Converting XML Sitemaps to data.frames with advertools (a Python package)

Analyze URLs

The url_to_df function splits a list of URLs to their components, each in a column.

Here the final column dir_2 gets converted to a list because it contains missing values, although it’s expected to be a chr just like column dir_1:

url_df <- adv$url_to_df(nyt_sitemap$loc) 

url_df

url_df$dir_2 %>% 
  head()

## [[1]]
## [1] "jerk seasoning paste"
## 
## [[2]]
## [1] "roasted white sesame seed"
## 
## [[3]]
## [1] "1640510-sam-siftons-suggestions"
## 
## [[4]]
## [1] "31042692-our-10-most-popular-recipes-right-now"
## 
## [[5]]
## [1] "30062982-sheet-pan"
## 
## [[6]]
## [1] "11249289-weekly-plan-1-29"

Using flatten_chr solves the issue, but the user wouldn’t necessarily know that this is an issue, and they would have to guess the type as well. (flatten doesn’t work for example).

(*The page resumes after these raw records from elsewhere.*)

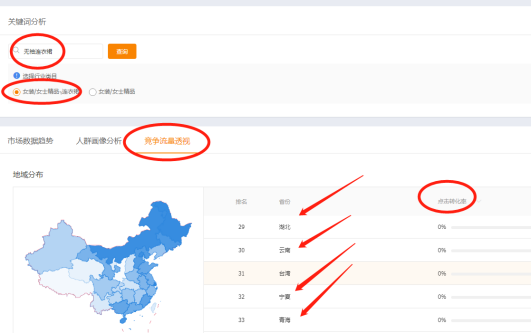 %title插图%num 引爆手淘推荐,让宝贝正确达到入池数值
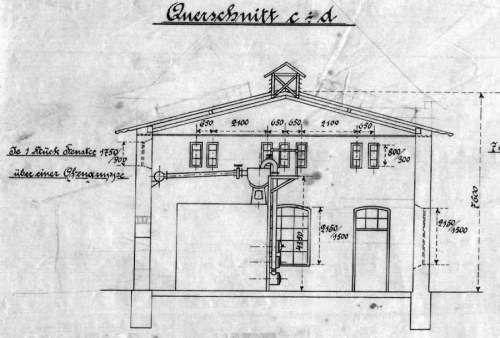 Gazomierze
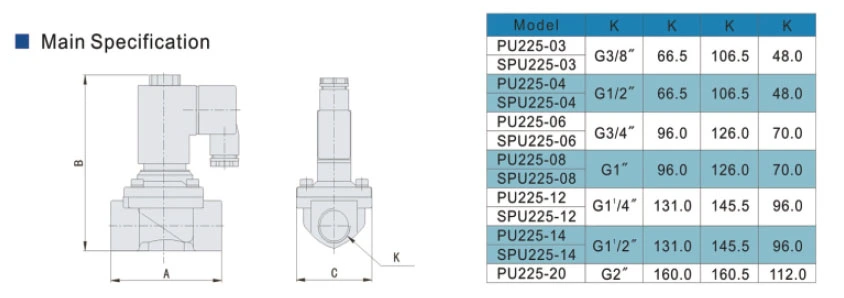 PU Polit Acting Narmally Closed Stainless Steel Matertial Solenoid Valves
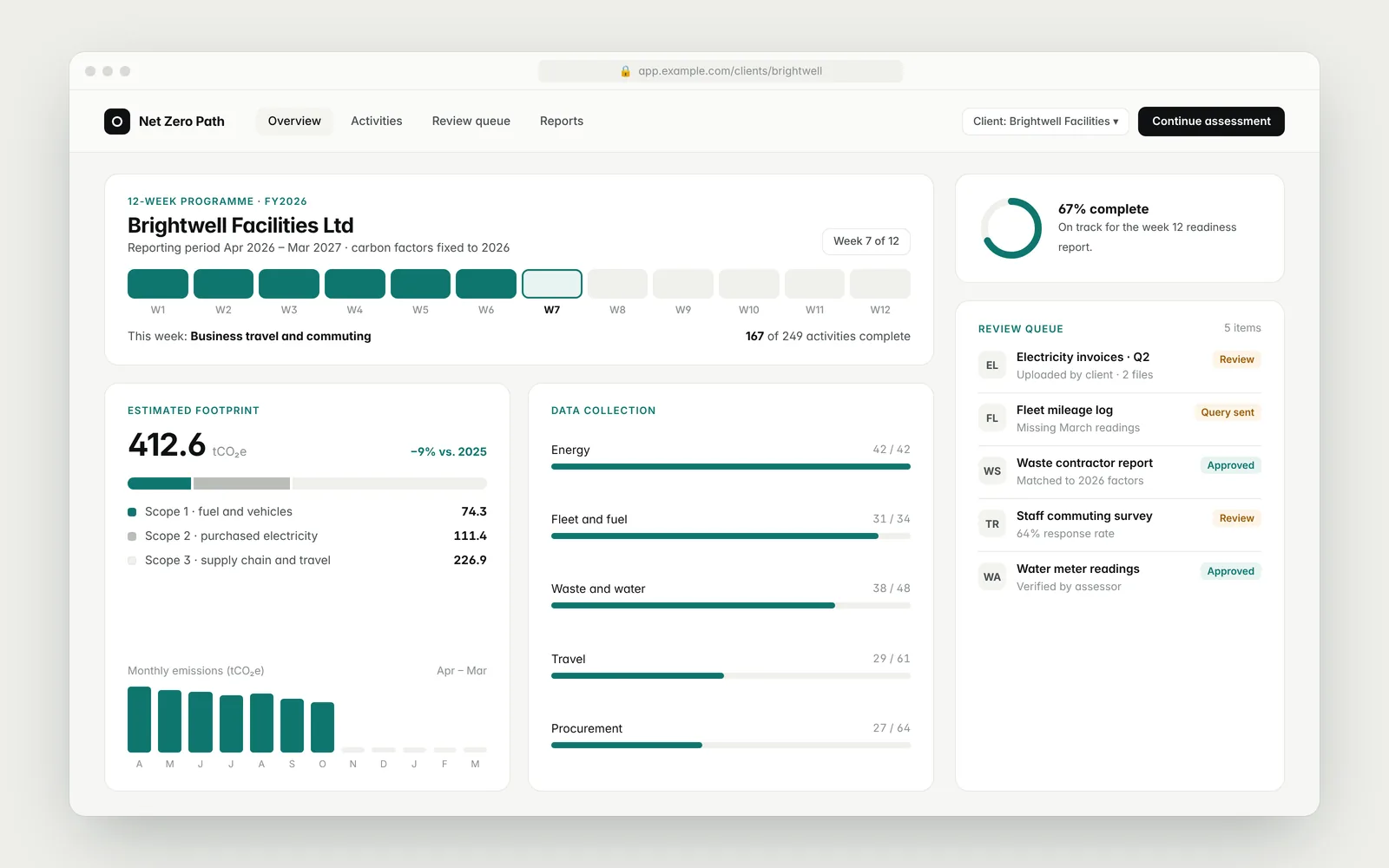 Screenshot of Sustainability Assessment Platform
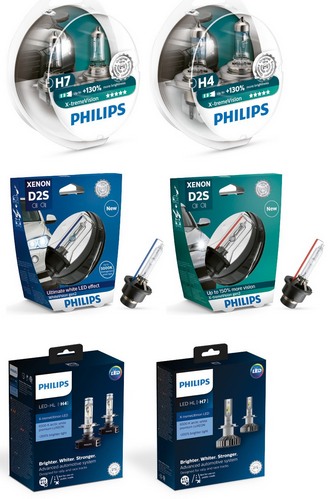 Время работы традиционной галогенной лампы, например Philips X-tremeVision, оценивается в 450 часов, Philips LongLife EcoVision - более 1000 часов, а ксеноновые лампы могут работать до 3000 часов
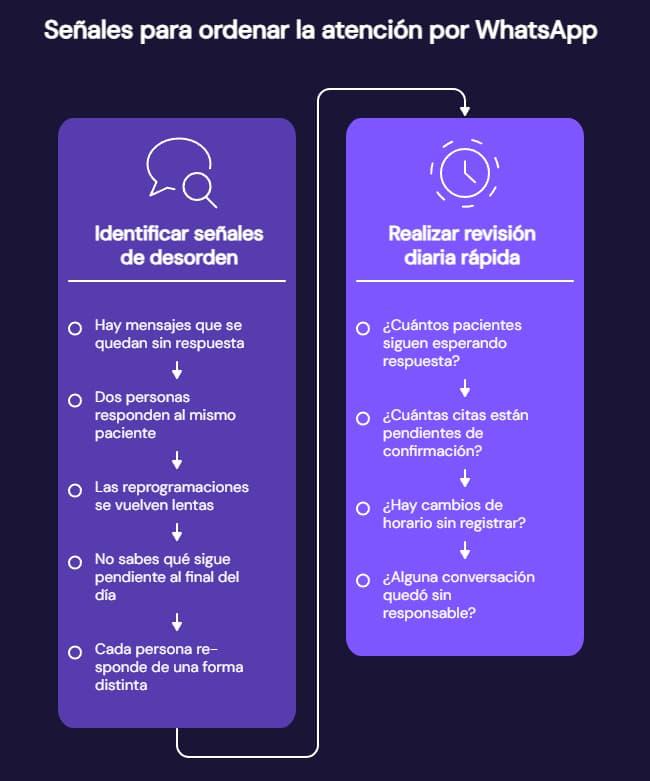 Señales para ordenar la atención por WhatsApp en clínicas y consultorios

url_df$dir_2 <- flatten_chr(url_df$dir_2)

url_df$dir_2 %>% 
  head()

## [1] "jerk seasoning paste"                          
## [2] "roasted white sesame seed"                     
## [3] "1640510-sam-siftons-suggestions"               
## [4] "31042692-our-10-most-popular-recipes-right-now"
## [5] "30062982-sheet-pan"                            
## [6] "11249289-weekly-plan-1-29"

url_df

Is there a better solution for this?